Controls and operation (con’t)
On the upper right of the top plate is a shutter speed dial, which spans the range of speeds available to the M11 in mechanical shutter mode, including an ‘A’ setting. The minimum exposure time in electronic shutter speed mode is 1/16,000sec, which should appeal to fans of wide aperture bright light shooting. Meanwhile, the maximum exposure time has been extended to an hour.
Obscured in this photo (but visible in the previous slide) is a standard Leica on/lock switch to power the camera up or down, with a threaded shutter release at its hub. Alongside this is a custom button, which has moved from its position in the M10, on the front of the camera, back to the top again (where it was in the older M Typ 240).

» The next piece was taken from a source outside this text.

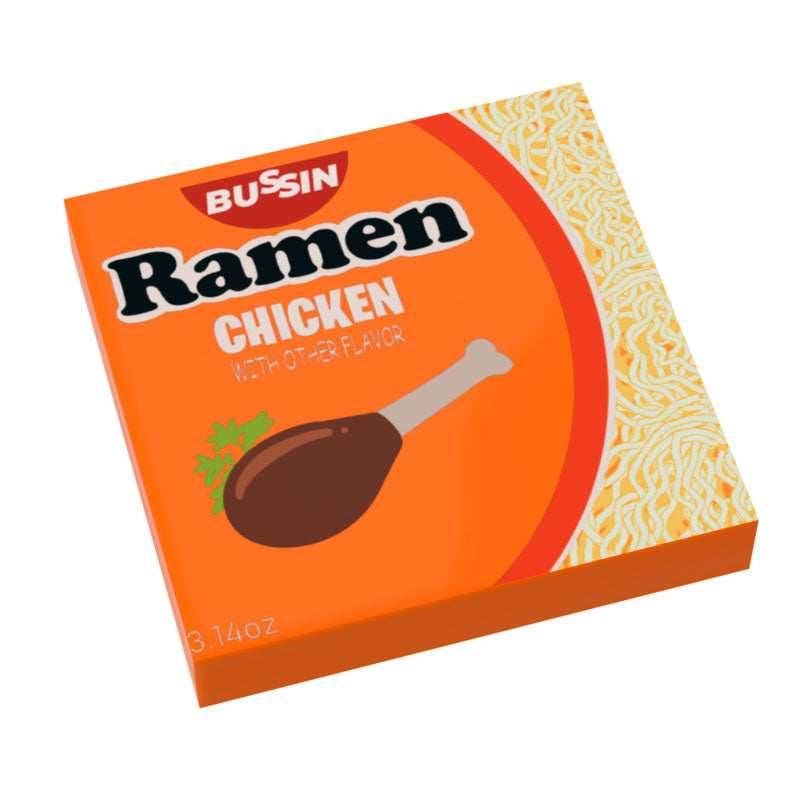 Ramen Noodles (2x2 Tile) made using LEGO parts - B3 Customs -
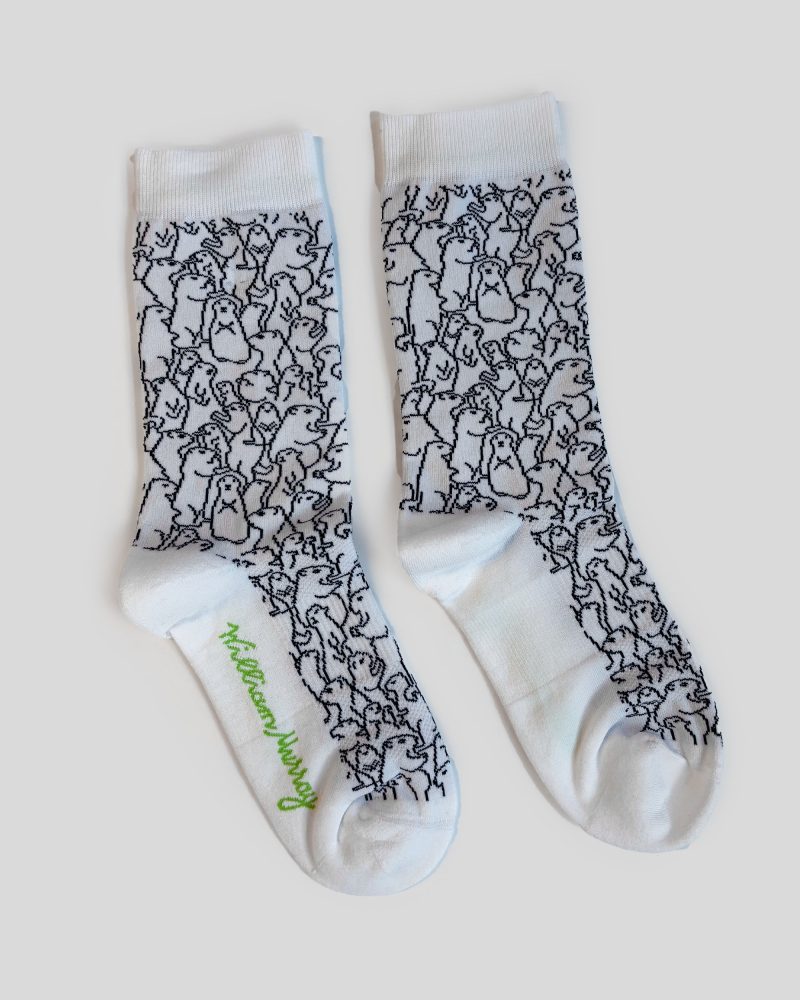 gopher sock white side by side d631ff63 fca5 45f4 b38d fe21c8dfb2a4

Controls and operation (con’t)
Anyone coming from the M10 or its variants will be immediately at home with the M11, but Leica has made some welcome changes. One of my favorites is a more versatile rear dial (upper right of the rear plate). A long inwards press of the dial allows you to quickly customize the dial for various functions, including direct control over ISO (if the locking top dial proves too fiddly). Meanwhile, a simple scroll of the dial can still provide direct access to (for example) exposure compensation.

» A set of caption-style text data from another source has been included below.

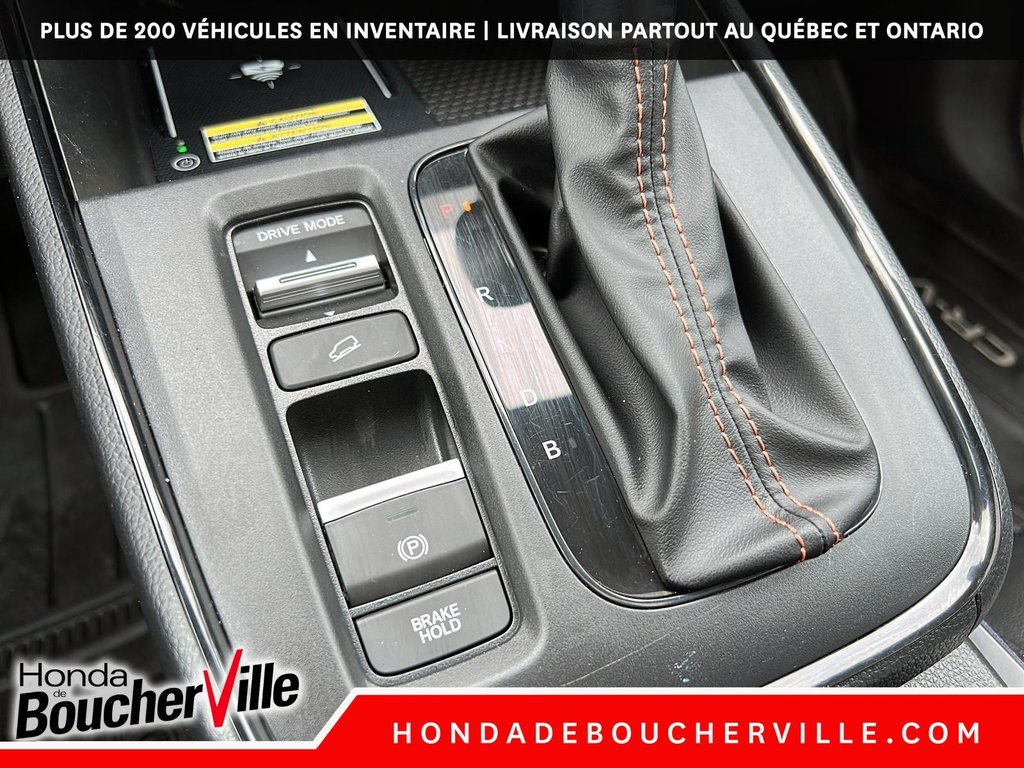 2025 Honda CR-V Hybrid EX-L in Terrebonne, Quebec - 37 - w1024h768px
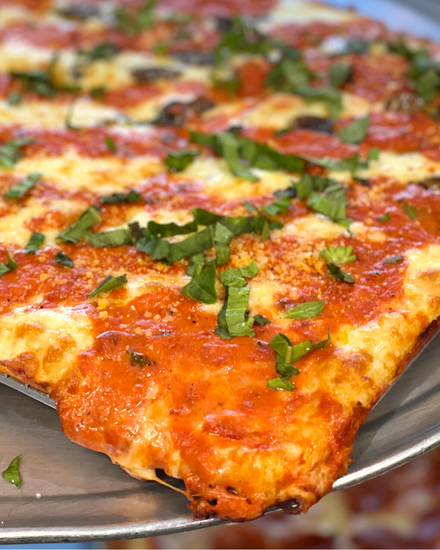 Vodka Pizza - Square Pie.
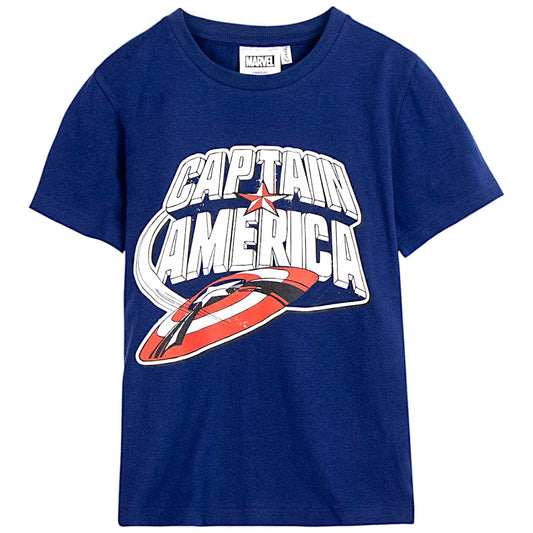 Captain America T-Shirt für Kinder Gr.104-140 cm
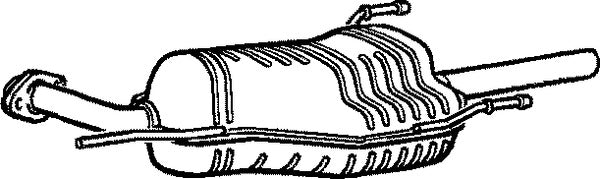 Klarius GM322D - Box With Tail Pipe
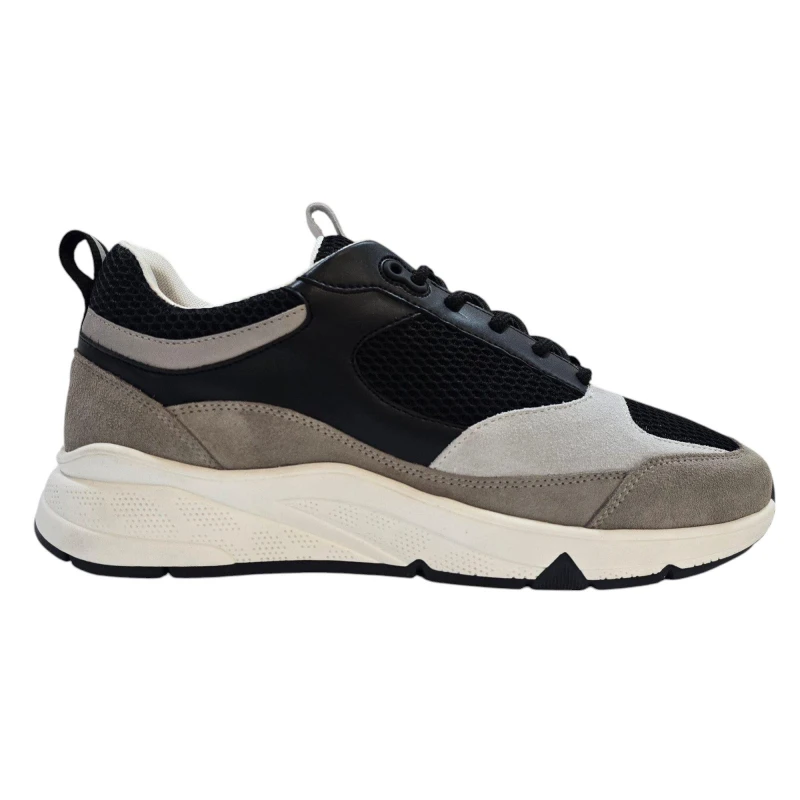 Image of Loyalti Mens Nemo Runners Black/Grey male 7 (41)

The high-resolution LCD on the rear of the M11 is touch-sensitive, which provides a nice quick way of zooming into images (either in playback or in live view mode) and scrolling through pictures after a long day of shooting for National Geographic Facebook.
Note the electrical contacts built into the M11’s hotshoe – these are for the optional Visoflex II, a 3.68M-dot tilting electronic viewfinder (sadly not yet available for journalists to try out). In a very welcome update, manual focus magnification in live view is now automatic, and the magnified focus view is digitally stabilized.
As you would expect from a camera costing almost $9,000, the M11 looks and feels amazing, and every control moves with luxurious smoothness. Everything clicky is clicky in a really good way and nothing clicks that shouldn’t. Credit to Leica – the M11 really does feel like a camera made partly by hand, and in limited numbers.
The black version of the M11 (shown in most of the images in this article) features an aluminum top-plate, compared to brass in the silver version. As such, the silver M11 is heavier, by about 110g (3.9oz). They’re priced identically.
Normally we don’t pay much attention to the bottom of cameras, but in a major break from the past, the M11 is the first Leica rangefinder (like, ever, going right back to the 1920s) where you don’t have to remove the entire base of the camera to get access to its storage media (film, or more recently, an SD card). Instead, the M11 adopts a more Q-series style catch, which unlocks the integrated battery/cover and…
New battery and storage
….reveals the memory card bay. The new BP-SCL7 battery itself offers a substantial 64% increase in capacity over the SCL5 used in the M10-series models, which helps it achieve a CIPA figure for battery life of 700 shots. In use, we’ve found that (as usual) this number proves to be rather conservative, which is great news – the M11 is the first Leica digital rangefinder for which we don’t feel we have to recommend the purchase of a spare battery. And with 64GB of inbuilt memory, you might even be able to skip the purchase of an SD card.
Note the exposed USB-C (3.1 Gen 1) socket adjacent to the battery door. This allows the M11 to be charged or powered via portable power, as well as facilitating image transfer if you don’t have a card reader handy (or a memory card – see point above). Leica also includes a USB-C to Lightning cable for iPhone users who want to connect their phone to the camera for image transfer.
The USB-C cable might also come in handy to solve a perennial problem with the digital M-series: There’s no way to remove the battery or access the SD media when a conventional tripod plate is mounted to the base of the camera.